The extract below describes the different point groupings I think about at different stages of treatment:

Group 1: Points to be used at any stage of treatment:
a) Command points on the Guardian Element’s two officials plus the two AEPS (back shu points) relating to these officials.  The command points are:  source, tonification, horary/seasonal, junction, points used for energy transfers, (plus sedation points – infrequently used in five element acupuncture).
b) Points to be used to clear the following blocks:  Possession, Husband-Wife, Entry-Exit blocks

Group 2:  Points not on an element’s officials which can be used for all elements early on in treatment: 
These points are: CV 8 (and/or CV 14), IV (Ki) 24, III (Bl 37-39) (42-44) 

Group 3:  Points not on an element’s officials which can be used for all elements at later stages of treatment:
These points are on the CV and GV meridians, Kidney chest points, Outer Bladder Points, plus one other point, Heart 1.  The alarm points should also be considered.  They relate to specific officials and therefore have a particular relevance for their respective officials. 

Group 4: Non-command points on an element's officials to be used later on in treatment:
This group includes the additional points which I use most frequently in practice, and forms a group of just under 60 points.  The list of points for each official is given below.  The group of points called Windows of the Sky should be added to this list.”

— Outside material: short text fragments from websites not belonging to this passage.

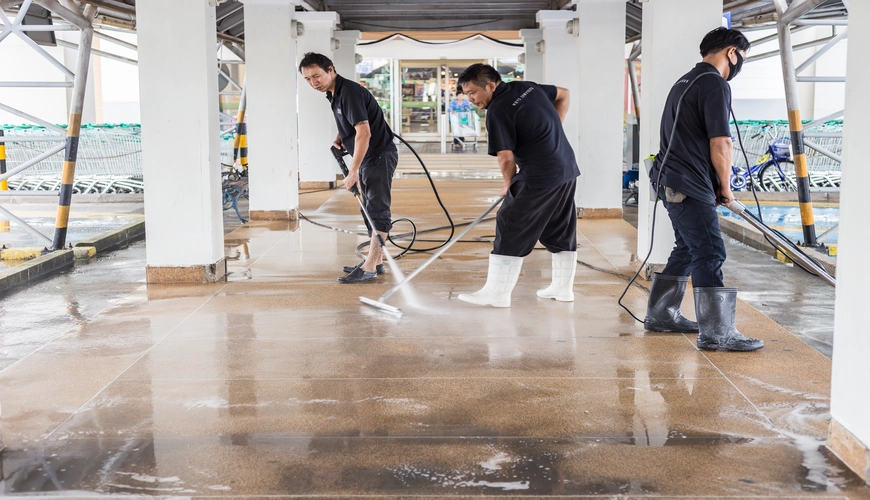 Professional garage cleaning services in Halifax for businesses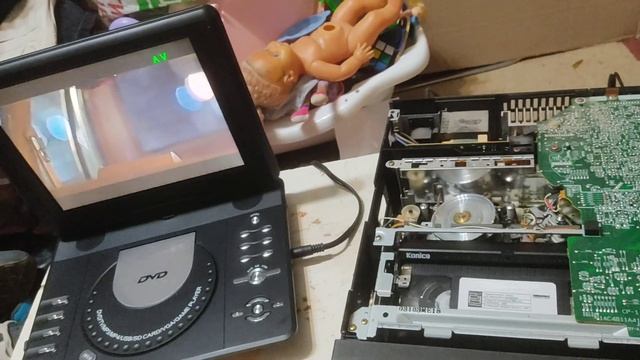 Видеомагнитофон Sanyo VHR-220EE Замена пасика смотреть онлайн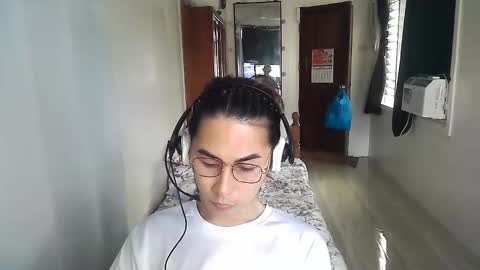 Snapshot of ddemorito10 chatting on May 25, 2026, 10:27 pm Targanyen13 online show from May 25, 2026, 10:27 pm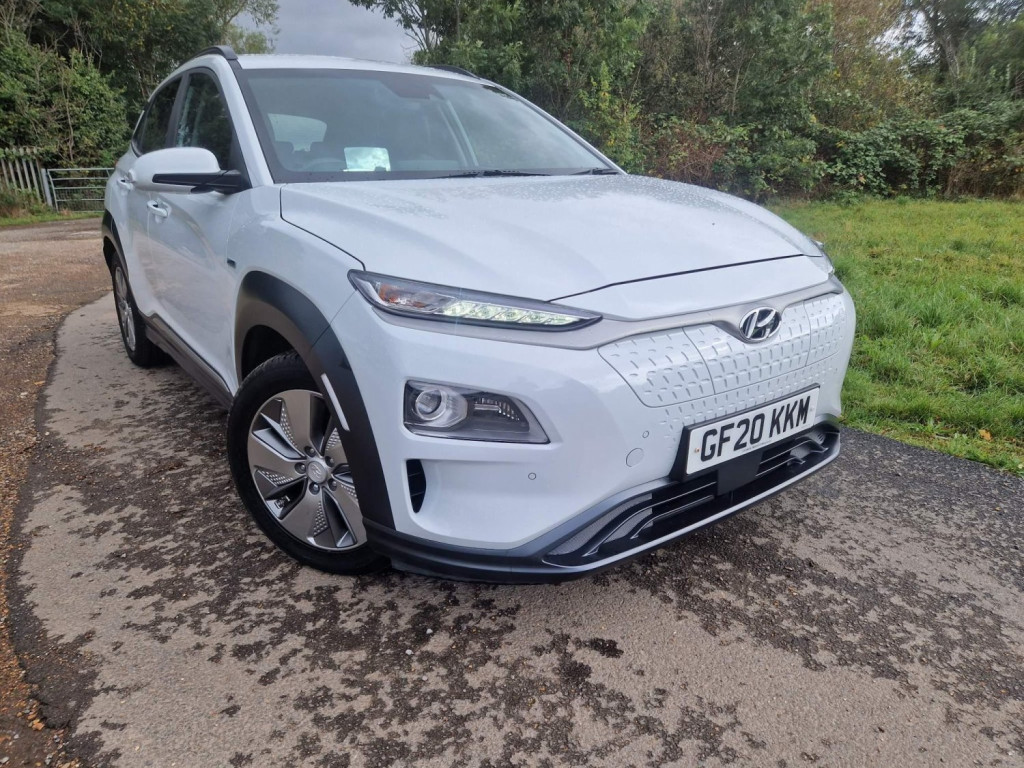 View HYUNDAI KONA 64kWh Premium SE Auto 5dr (7kW Charger)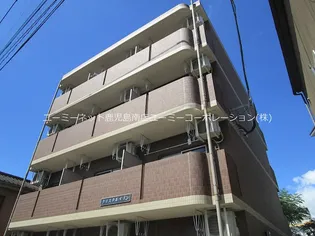 クリスタルメゾンの画像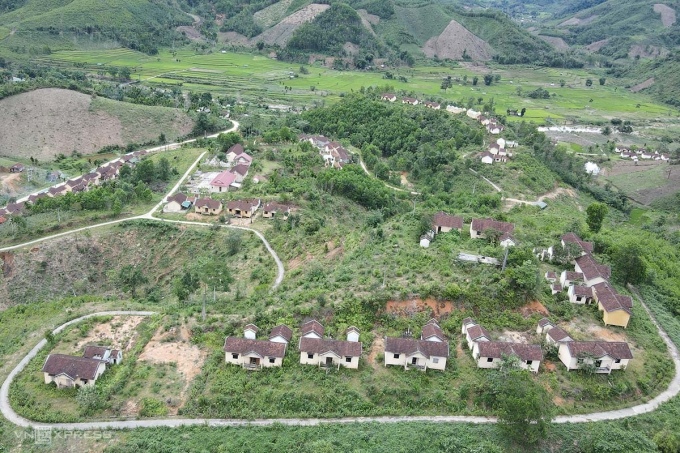 Dân khổ sở sau khi nhường đất làm thuỷ điện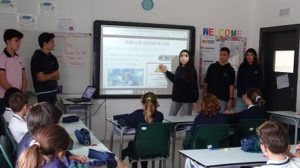 Alumnos solidarios de 1º de bachillerato explicar a compañeros de ESO y Primaria, la intimidad y respeto en las redes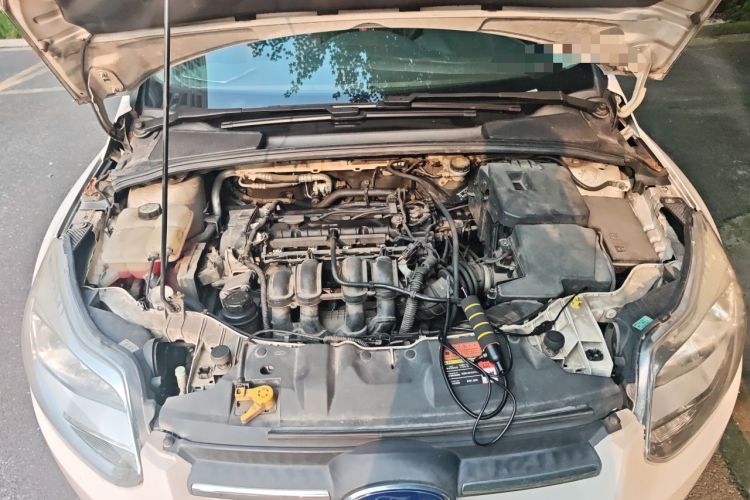 Used Ford Focus 2012 Sedan 1.6L Automatic Comfort Model Engine Bay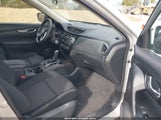 Nissan Rogue S KNMAT2MV9HP546926 снимка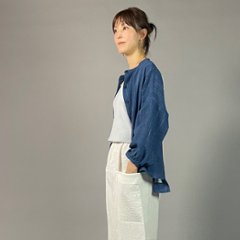 【備後絣】藍染め　前開きバルーン袖ブラウス　文人絣　中紺画像
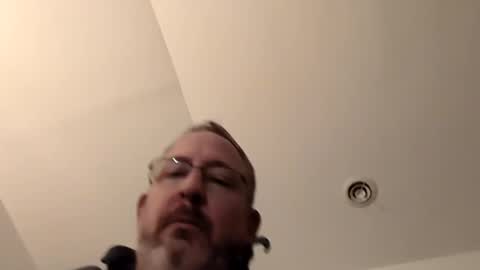 Snapshot of handydick7373 chatting on December 22, 2024, 7:33 am Handydick7373 online show from December 22, 2024, 7:33 am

I’m afraid those reading this blog will have to wait a little longer until the Teach Yourself manual is printed before you can see the list of these 60 points.

 
 

 

 

 

 

 

Monday, February 4, 2013

Further thoughts about the Water element


I pass on some further insights into the Water element which have come to me this morning all the way from India from a Water friend of mine who is very perceptive about her own element.
 
”Water can be aggressive. It's more a wearing-down kind of persistent aggression rather than periodic pushes (as Wood might do) but it's always easier to analyze in retrospect.  Aggression generally brings out reactions in the observer, which throw him/her off balance and make it harder to figure out what is happening.  

I have put up on my fridge door a reminder of the three fearlessnesses (from Lao Tzu), which are:
     The fearlessness of taking pain
     The fearlessness to suffer loss
     The fearlessness towards ferocity”

Thank you for these thoughts, Sujata!